15 Mars 2021 , Rédigé par Nicole Grundlinger Publié dans #Récits

Elles s'appellent toutes les deux Nathalie, elles ont perdu prématurément l'homme de leur vie, celui avec qui elles partageaient tout. Les mots sont leurs béquilles, leurs bouées, les instruments du souvenir, du réconfort et du travail de deuil. Ces mots qui étaient aussi au centre de leur couple, l'élément qui les reliait. Rien n'est triste dans ces deux livres, tout tend vers la lumière dans des styles différents, avec des voix que presque tout oppose malgré ces mêmes prénoms et cette même absence à apprivoiser.

"On en est là. On triture des banalités. Des nuits entières à triturer. Ce que je crois deviner, c'est que tout, de la mort ou de la vie je ne sais plus, tout est allé trop lentement pour l'ignorer et trop vite pour en savoir quelque chose. Entre les deux, j'essaie de combler le trou avec de pauvres mots" (Nathalie Léger)

"Je n'écris pas parce que je me souviens. J'écris parce que je ne me souviens pas. J'écris parce que j'ai peur de ne plus me souvenir. J'écris pour tresser ma peine et, très vite, ce qui est écrit gomme ce qui a été vécu. J'écris. Pour devenir ce que je suis" (Nathalie Prince)

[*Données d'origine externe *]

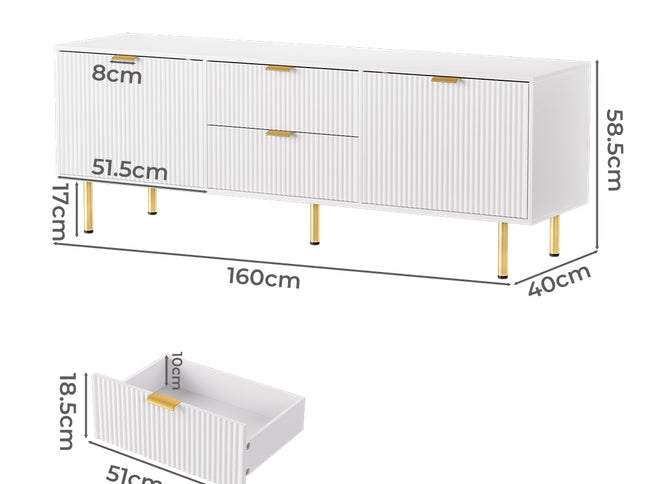 Levede 160cm Entertainment Unit-1975420330801500162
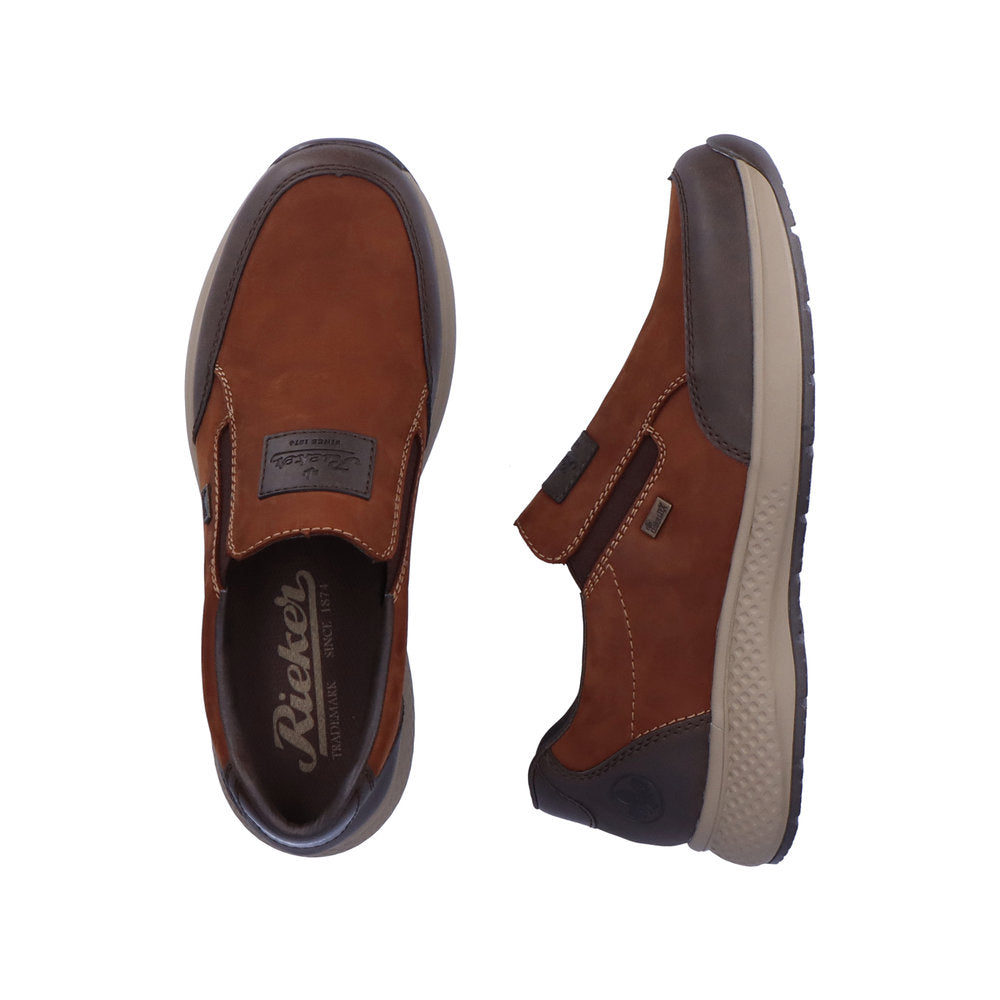 Rieker B7654-22 Tex Tan/Brown Casual Slip On Shoes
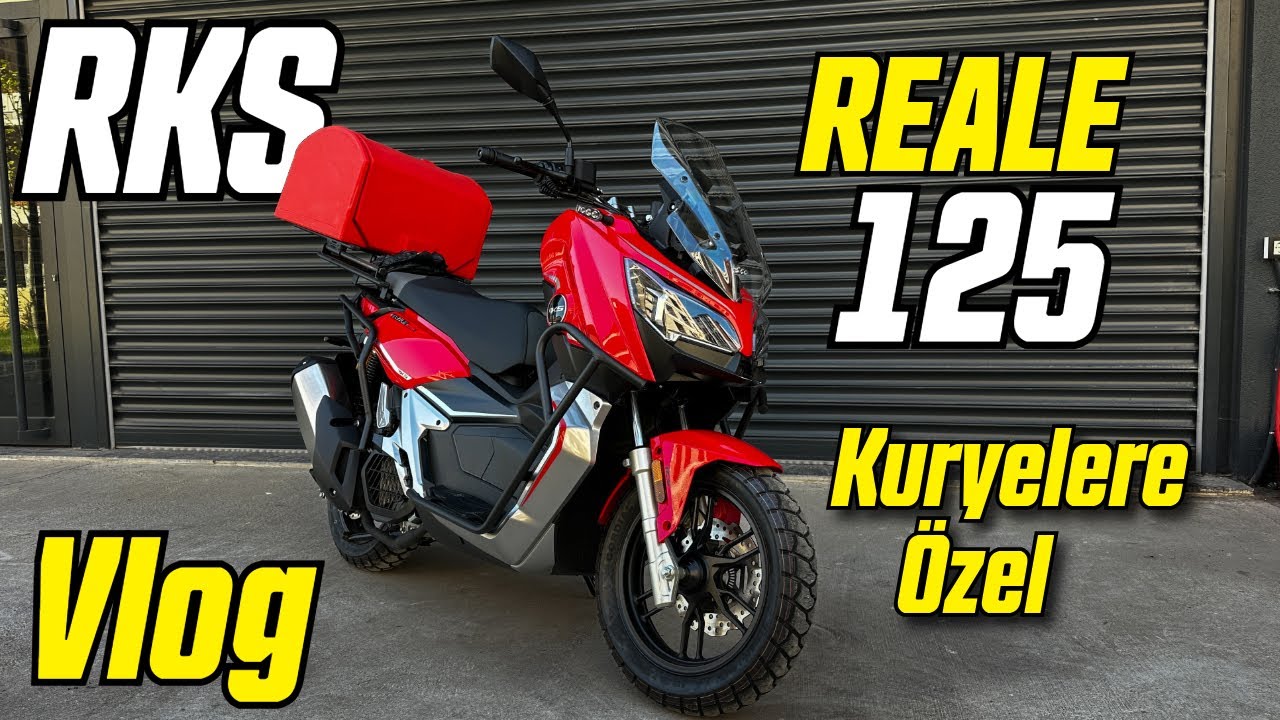 Kuryelere Özel / RKS Reale 125 / Çanta Demiri İşli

S'en remettre aux mots pour adoucir les maux, essorer la peine, tenter de rejoindre pour quelques instants encore celui qui n'est plus. Nathalie Léger construit un linceul avec ses mots qui explorent le lien, les sensations, les sentiments de celle qui reste et tente d'imaginer ce que l'autre a pu percevoir de ce passage de frontière. Suivant l'azur est le récit d'un passage d'un état à un autre, une sorte de sas où la vie et la mort se côtoient, s'accrochent l'une à l'autre. J'ai laissé les phrases de Nathalie Léger m'envelopper, me caresser, me bercer, me porter vers la lumière. Elles disent la douleur avec douceur. Elles disent l'amour qui lui ne meurt pas. Nathalie Prince use d'un autre ressort, par le prisme de l'extérieur. Son arme est l'humour. La dérision face à l'absurdité du monde extérieur, de l'administration et même de l'entourage proche. Le rire vient tenter de masquer la tristesse et le désarroi ; et les quatre enfants du couple la rattachent au présent et aux réalités. Mais chez elle aussi, les mots sont là pour ouvrir le chemin vers le futur. Pour dire le nécessaire cheminement personnel, la reconstruction d'un nouveau moi. J'ai beaucoup souri, mais le cœur serré. Un enterrement et quatre saisons est le récit d'une renaissance, le temps d'une année.

La beauté est un refuge et ces mots-là sont beaux. Ces deux livres, malgré leurs différences se répondent souvent et l'expérience de les lire à peu de temps d'intervalle est doublement consolante. Ils disent l'essentiel de ce qui nous constitue : la vie, l'amour, la mort.

"Il n'y a rien à savoir de l'amour et rien à connaître de la mort. On y va en rampant, dans l'ignorance des idées, mais avec un tact infaillible" (Nathalie Léger)

"Apprendre à mourir, la belle affaire !? Tout le monde sait le faire (...) Mais apprendre à vivre, n'est-ce pas là une sacrément belle aventure ?" (Nathalie Prince)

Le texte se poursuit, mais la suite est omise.